Heart aneurism symptoms:
Clinical manifestations are defined by the aneurism sizes, its localization and complications connected with existence of aneurism. Acute aneurism of an interventricular partition is shown by symptoms of right ventricular heart failure (increase in a liver, hypostases, a hydrothorax, ascites). Patients with chronic aneurism of heart can not show any complaints for many years. However quite often chronic aneurism serves as the reason of heavy disturbances of a cordial rhythm, including ventricular tachycardia (see Arrhythmias). Complaints of patients with aneurism of a left ventricle of heart most often correspond to manifestations of its insufficiency: patients note an asthma and heartbeat at an exercise stress, and at big aneurism also at rest; attacks of cardiac asthma which can smooth out at accession of right ventricular insufficiency of heart are possible. In some cases the complaints connected with thromboembolisms of arteries of a brain, kidneys, spleens, extremities, etc. prevail.
Survey of area of a chest wall, adjacent to aneurism, at side lighting allows to find at acute aneurism of a front wall of a left ventricle a pathological pulsation in intercostal spaces. At auscultation systolic noise, quite often a cantering rhythm comes to light. The electrocardiography is of great importance for specification of the diagnosis of aneurism of heart. The so-called monophase curve — the stiffened electrocardiogram, long (more than 6 weeks) preservation of the raised ST segment is characteristic (as a rule, in combination with a deep tooth of Q decreasing at the usual course of a myocardial infarction since 3 — the 5th day of a disease). The sizes and a structure of aneurism can be determined by the echocardiography allowing to reveal dyskinesia (paradoxic movements) of a wall of a left ventricle and its thinning, a mural thrombosis.
Heart aneurism
Treatment of aneurism of heart:
In the preoperative period the patient with aneurism of heart appoints cardiac glycosides, anticoagulants (heparin subcutaneously), antihypertensives, an oxygen therapy, an oxygenobarotherapy.
Surgical treatment of acute and subacute aneurism of heart is shown in connection with bystry progressing of heart failure and threat of a rupture of an aneurysmal bag. At chronic aneurism of heart operation is made for prevention of risk of tromboembolic episodes and for the purpose of myocardium revascularization.

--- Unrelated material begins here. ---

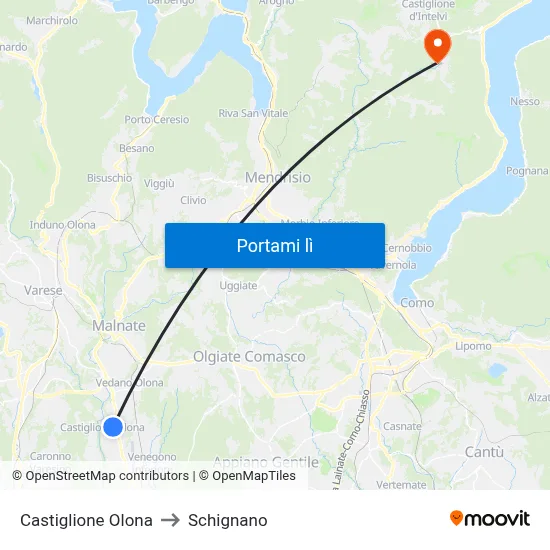 Castiglione Olona to Schignano map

As palliative intervention resort to strengthening of a wall of aneurism by means of polymeric materials. To radical operations the resection of aneurism of a ventricle or an auricle (if necessary – treat with the subsequent reconstruction of a wall of a myocardium a patch), the septoplasty on Sacks (at aneurism of an interventricular partition).
At false or posttraumatic aneurism of heart sewing up of a cordial wall is made. In need of the additional revascularizing intervention in one step carry out an aneurism resection in combination with AKSh.
After a resection and an aneuroplasty of heart development of a syndrome of small emission, a repeated myocardial infarction, arrhythmias (a Bouveret's disease, a ciliary arrhythmia), insolvency of seams and bleeding, respiratory insufficiency, a renal failure, a thromboembolism of vessels of a brain is possible.